The finding that both human and chicken TRPV4-IDR are highly disordered is further supported by the single residue-specific secondary structure propensities (SSP) calculated from the Cα, Cβ and Hα chemical shifts. Here, the different chemical shifts are accumulated into a single score that allows conclusions about (dis)order for each residue (Marsh et al. 2006) (Fig. 3 A, B viii). The SSP method predicts very low secondary structure propensities throughout the human and chicken TRPV4-IDR sequences (mean SSP values of 0.01 ± 0.18 and 0.01 ± 0.14, respectively). The overall secondary structure content (both α-helix and β-sheet) according to the SSP score is 15.6% for the humanTRPV4-IDR and 15.3% for the chicken TRPV4-IDR, thereby significantly lower than what was predicted using the solely sequence-based ODiNPred webserver (Fig. 1 A, B) (Dass et al. 2020). This highlights the importance of experimental methods to validate structure predictions. Notably, residual secondary structure propensities calculated by the SSP method for human and chicken TRPV4-IDR proteins may indicate the formation of local transient secondary structures e.g., at putative binding sites for TRPV4 regulators such as proteins and lipids.

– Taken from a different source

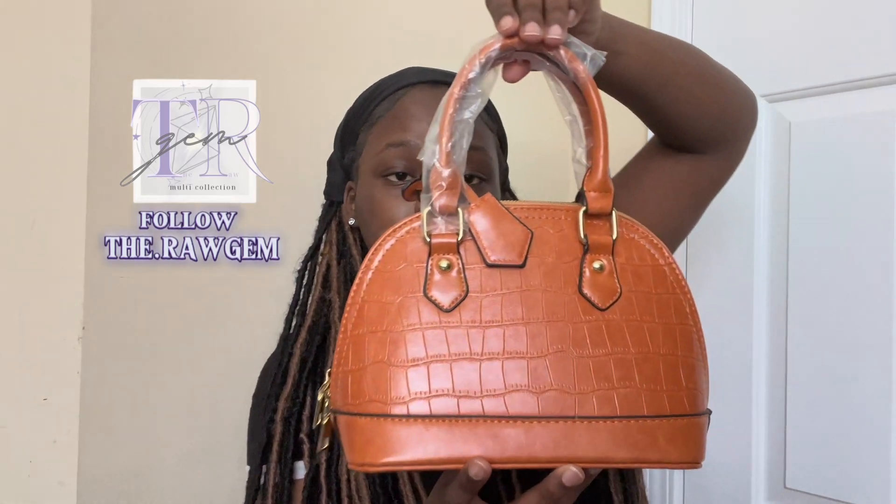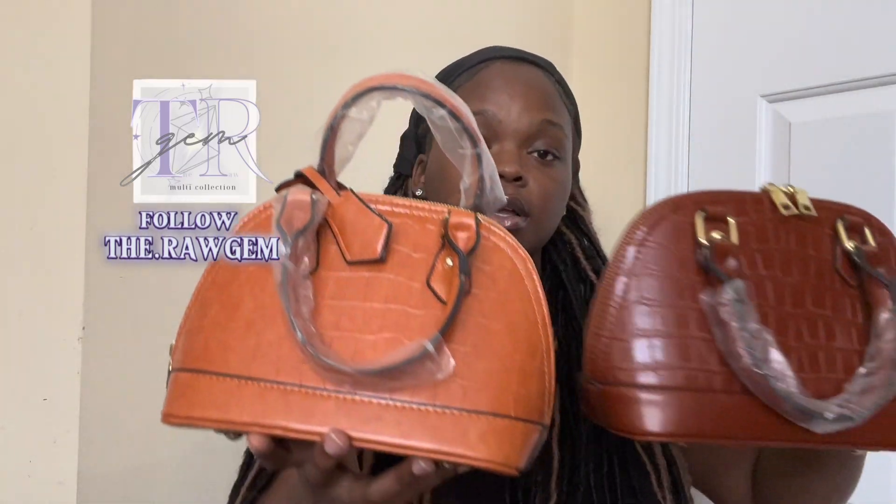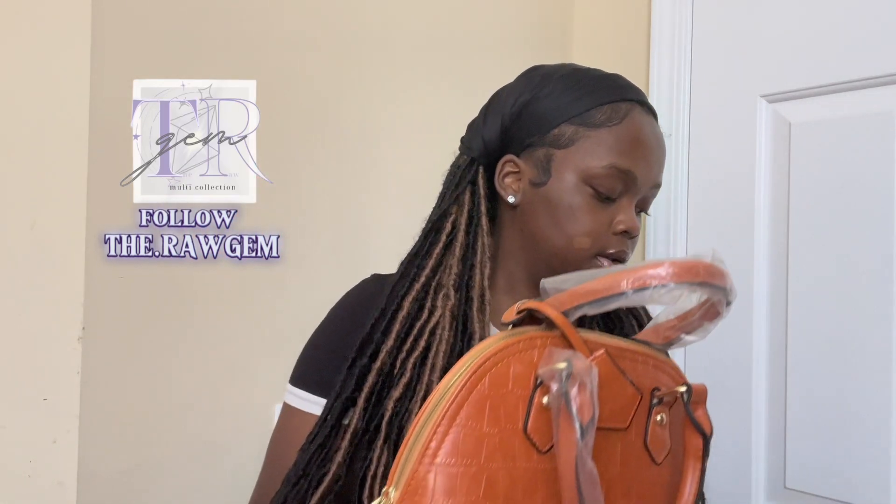Next is the white with gold accents. I'll be honest — I personally don't feel like white is best for me because it'll get messed up quickly. Same strap, same interior with the pocket. This white one is already sold — one of my clients already bought it, I just have to drop it off. Last but not least is the orange — a burnt orange color that also gives fall vibes. The inside is the same.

Previous NMR-based structural analyses of the TRPV4-IDR were restricted to a disordered peptide comprising the PIP2 binding site (PBS) and the proline-rich region (PRR) of the chicken TRPV4-IDR (residues 105–134) (Goretzki et al. 2018). The current study expands this to the full-length TRPV4-IDRs of two organisms. The chemical shift perturbations and subsequent analyses indicate that the TRPV4 N-terminal region preceding the ARD is a highly disordered protein region with little structure propensity. Given that we find similar disorder content for both human and chicken TRPV4-IDR, it seems likely that intrinsic disorder in the TRPV4 N-termini is a conserved feature across species thus making these important regulatory channel regions inaccessible to X-ray crystallography or cryo-EM but interesting spectroscopic targets.